The talk is that Mr Abdurrahman is likely to back his younger brother Solahuddin’s partnership with Mr Wiranto, under the Golkar banner.

The combined machinery of Golkar and the NU-affiliated Nation Awakening Party would put Mr Wiranto in a strong position to mobilise voters across the country.

Questions, however, remain about his standing at home and abroad. His surprise nomination by Golkar sparked protests by human rights groups at home who describe him as a war criminal for being involved in the 1999 East Timor imbroglio.

It is also widely speculated that Washington would prefer a Bambang presidency.

Indonesian voters care little for US endorsement; they are hungry for economic progress. And Mr Wiranto offers the prospect of firm leadership and the stability of the good old Suharto days.

His biggest challenge will come from Mr Bambang, whose growing popularity has made him the favourite in the race so far.

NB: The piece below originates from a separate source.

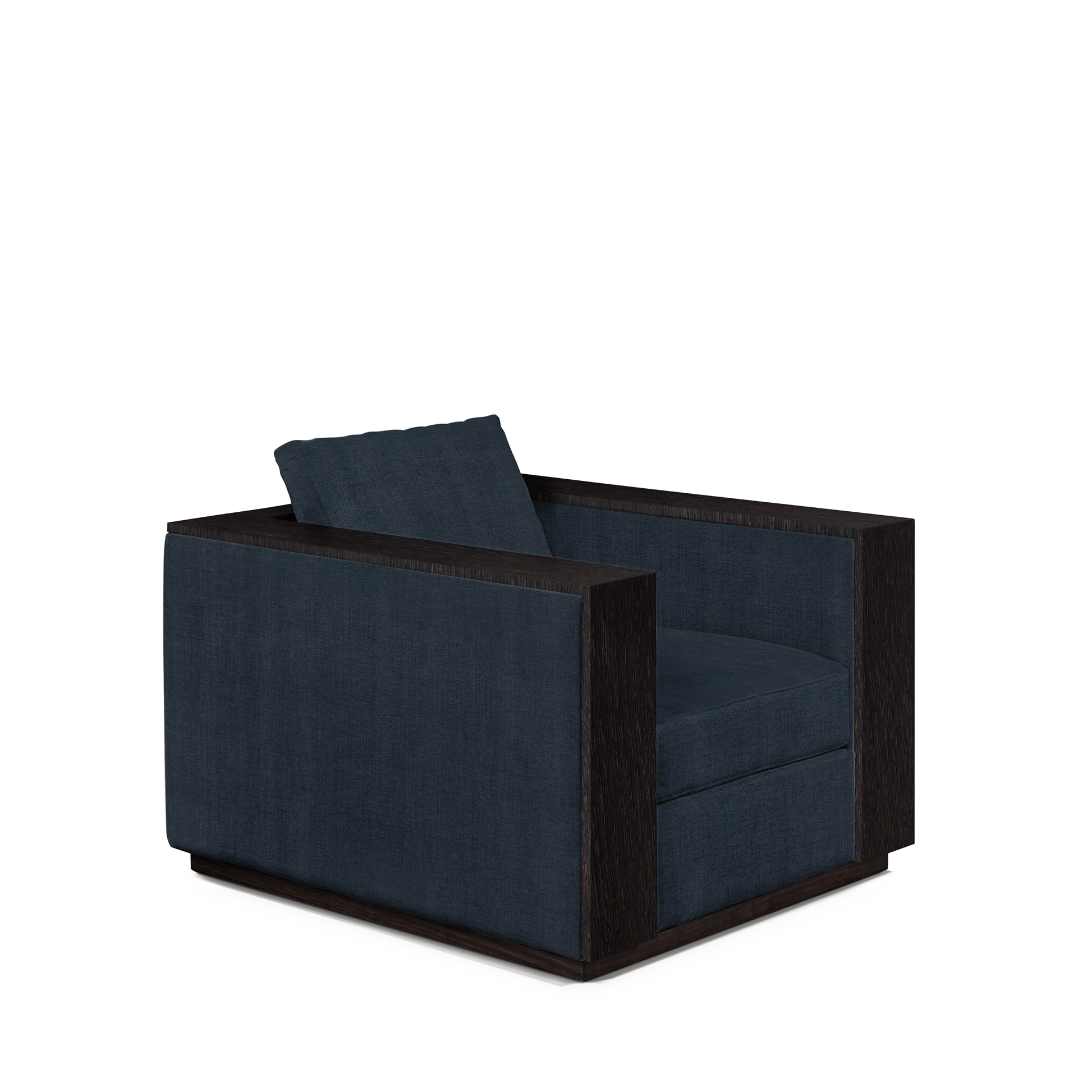 ROBLE ARMCHAIR with dark linco blue textile and chocolate wood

The latest survey by the United States-based International Foundation for Electoral Systems shows that support for the 54-year-old retired general has soared to 30 per cent – aided in part by his coup in winning over the much-courted Jusuf Kalla to be his running mate.

Among the four presidential tickets, Mr Amien and his anointed deputy, Siswono Yudhohusodo, have neither the popularity nor the machinery to win the presidency.

That leaves Ms Megawati, Mr Wiranto and Mr Bambang with equal chances of clinching the country’s top job.

The popular view here remains that it will be a battle of the generals – in the first round at least.

But both men, trawling the same ground for votes, could end up nullifying each other’s appeal. This could see one of them being knocked out after round one, leaving the other to face-off with Ms Megawati in September.

The puzzle of who will be president is slowly unravelling. But be prepared for more twists and turns in the next few months.